Ilias Diakonikolas; Daniel M. Kane; Daniel Kongsgaard; Jerry Li; Kevin Tian

Clustering Mixture Models in Almost-Linear Time via List-Decodable Mean Estimation

Ilias Diakonikolas ,
Daniel M. Kane ,
Daniel Kongsgaard ,
Jerry Li ,
Kevin Tian

STOC 2022 | June 2022

Download BibTex

We study the problem of list-decodable mean estimation, where an adversary can corrupt a majority of the dataset. Specifically, we are given a set \(T\) of \(n\) points in \(R^d\) and a parameter \(0<α<{1 \over 2}\) such that an \(α\)-fraction of the points in \(T\) are i.i.d. samples from a well-behaved distribution \(D\) and the remaining \((1−α)\)-fraction are arbitrary. The goal is to output a small list of vectors, at least one of which is close to the mean of \(D\). We develop new algorithms for list-decodable mean estimation, achieving nearly-optimal statistical guarantees, with running time \(O(n^{1+ϵ_0}d)\), for any fixed \(ϵ_0>0\). All prior algorithms for this problem had additional polynomial factors in \(1 \over α\). We leverage this result, together with additional techniques, to obtain the first almost-linear time algorithms for clustering mixtures of \(k\) separated well-behaved distributions, nearly-matching the statistical guarantees of spectral methods. Prior clustering algorithms inherently relied on an application of \(k\)-PCA, thereby incurring runtimes of \(Ω(ndk)\). This marks the first runtime improvement for this basic statistical problem in nearly two decades.

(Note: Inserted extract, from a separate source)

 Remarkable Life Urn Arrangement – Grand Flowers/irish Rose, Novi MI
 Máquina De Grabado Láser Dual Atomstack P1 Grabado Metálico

The starting point of our approach is a novel and simpler near-linear time robust mean estimation algorithm in the \(α→1\) regime, based on a one-shot matrix multiplicative weights-inspired potential decrease. We crucially leverage this new algorithmic framework in the context of the iterative multi-filtering technique of Diakonikolas et al. ’18, ’20, providing a method to simultaneously cluster and downsample points using one-dimensional projections — thus, bypassing the \(k\)-PCA subroutines required by prior algorithms.